Depression makes a strong case against itself while simultaneously perpetuating its own effects.
I mean honestly, how dare we feel like this?
My thoughts are chastised and scolded incessantly well before there’s any consideration of letting them be uttered aloud.
“Are you seriously whinging right now? Other people have it so much worse and they’re just getting on with it, grow up!”
“Have you just lost everything? No? Then what the Hell do you have to be depressed about?”
“Asking for help for something as trivial as depression right now would be a disgusting, selfish act, other people have real problems!”
“You’re a disgusting, selfish, attention seeking piece of shit!”
“If you’re this weak and pathetic then you should go and kill yourself, do the world a favour.”
They go on and on and the shame penetrates our soul deeper than the thick bushfire smoke that surrounds us. We “should” be able to suck it up, this “should” be our wake up call that life is precious and we are all just ungrateful selfish assholes and we still don’t want to be alive anymore.

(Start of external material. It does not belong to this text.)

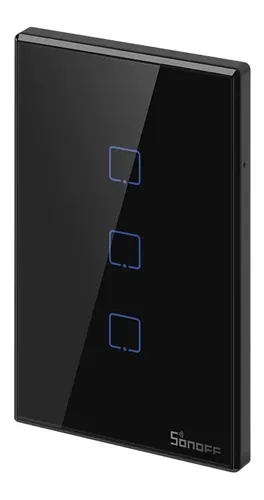 Sonoff T3us3c Tx Interruptor Wifi Rf433mhz 3 Teclas 10 A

But try as we might we can’t control it, we can’t stop it or shut it off or just “be fucking grateful”. We see the images on the television of people who have lost everything rallying together, raising money, sorting out donations, caring for others.
Photographs of wild animals with a look of devastation in their eyes and scorched fur accepting water from the hands of humans they once feared are splashed across newspapers and websites, all the odds are against them yet their survival instinct remains so strong.
That’s what we humans love to see, it’s what gives us hope in hard times – strength in the face of diversity, bravery, resilience. And yet as these images fill me with empathy I cannot feel that hope or gratefulness for life no matter how hard I try.
I see these images and they make me want to dissolve into a puddle of my own shame tears until we somehow drown.
We wish feverishly that we could trade places with any of the people that have perished in these blazes, that we could give them the life back that they respected and loved, the life we so carelessly want to just toss away.
But life doesn’t work like that.
Depression doesn’t work like that.
It’s not an ailment that responds well to logic, like the fire that has devastated our communities, depression is untamed and furious, it has its own agenda, it’s own time line and the ability to fuel itself creating a firestorm that eventually leaves nothing but ashes in its wake.